Dass der Druckanstieg zum Abrutschen der Kalkteich-Böschung führte, steht in einem vorläufigen Gutachten, das von Solvay in Auftrag gegeben wurde und derzeit beim Landesverwaltungsamt in Halle von Experten geprüft wird. Laut Gerhard Eder, Solvay-Werkleiter in Bernburg, gehen die Gutachter davon aus, dass entweder die Kristallisation gelösten Salzes oder Fremdpartikel das Drainage-System verstopft haben. Allerdings laufen noch weitere Untersuchungen, um "die ersten Erkenntnisse" zu bestätigen, so Eder weiter. Auf jeden Fall soll der Druckanstieg "nicht vorhersehbar" gewesen und der Unfall durch das "Zusammentreffen ungünstiger Umstände" zustande gekommen sein.
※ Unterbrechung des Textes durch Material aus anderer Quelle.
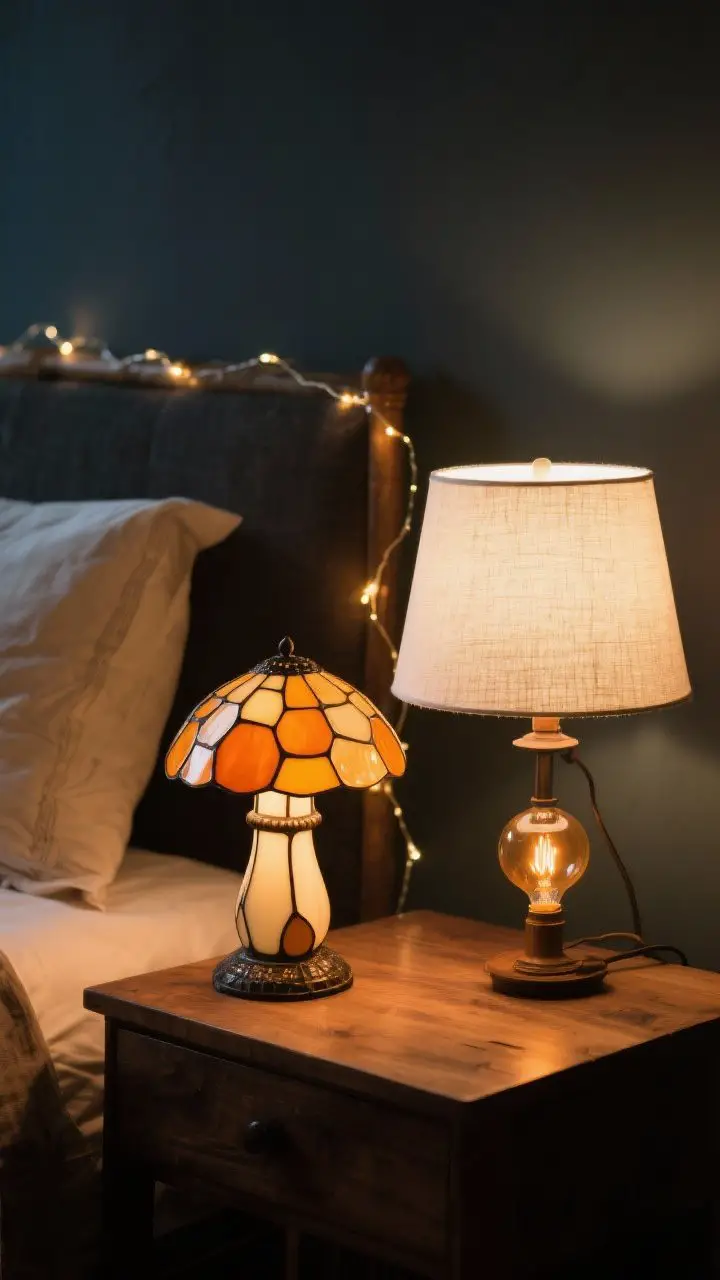 Detail closeup: A moody “mushroom lamp moment” on a bedside table—stained-glass mushroom lamp glowing warm amber (2200K–2700K), linen shade table lamp nearby with amber bulb, delicate string lights trailing along the headboard, parchment-toned lamp shade replacing bright white, soft candlelit glow across a wooden surface, cool-toned light avoided, cozy diffusion emphasized, photorealistic.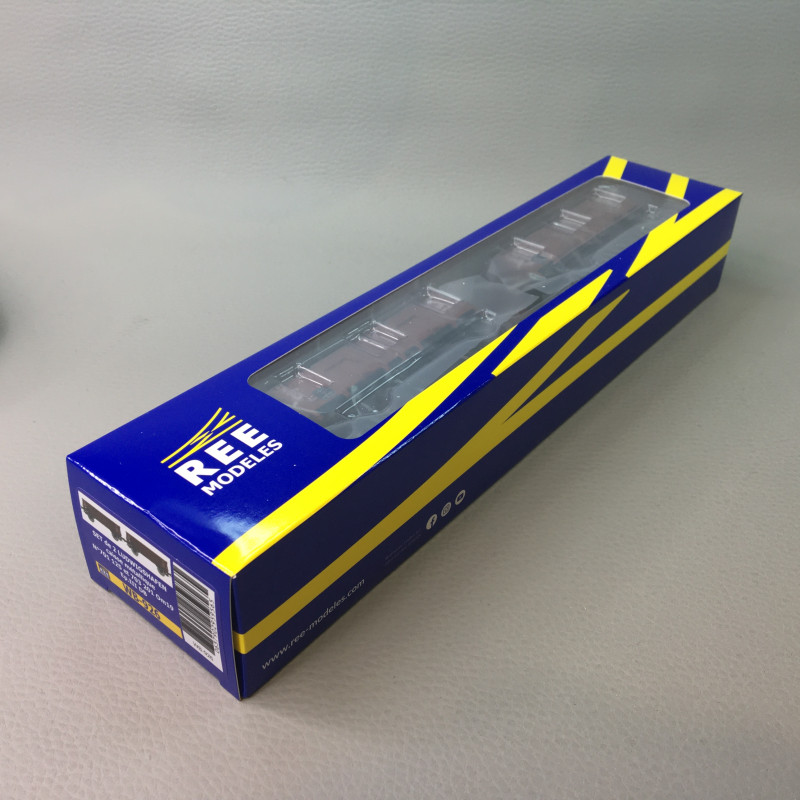 Coffret de 2 Wagons tombereaux Ludwigshafen caisse métallique, 701 125, 703 201, DB, Ep. III - REE MODELES WB926 - HO 1/87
Indes wird bereits seit langer Zeit Kalkteich 15 B durch ein System überprüft, mit dessen Hilfe der Druck innerhalb des Dammes gemessen werden kann. Mit solch einem System, so Eder, hätte das Unglück an Kalkteich 19 "vermutlich" vermieden werden können. Man sei bisher stets davon ausgegangen, dass "alle Kalkteiche gleich sind". Doch das sei offenbar falsch. "Es gibt Dinge, die von diesem Modell abweichen. Wir haben dazugelernt", sagt Eder. Deshalb werden nun in alle genutzten Kalkteiche solche Kontrollanlagen eingebaut.
Warum das bislang nicht vorgeschrieben war, ist unklar. Das Landesverwaltungsamt in Halle gab dazu keine Stellungnahme ab. Unterdessen laufen die Vorbereitungen zur Nutzung von Kalkteich 18 auf Hochtouren. Er soll am 10. März in Betrieb gehen. Ohne die Nutzung des Kalkteiches würde Solvay seine Produktion nicht aufrechterhalten können.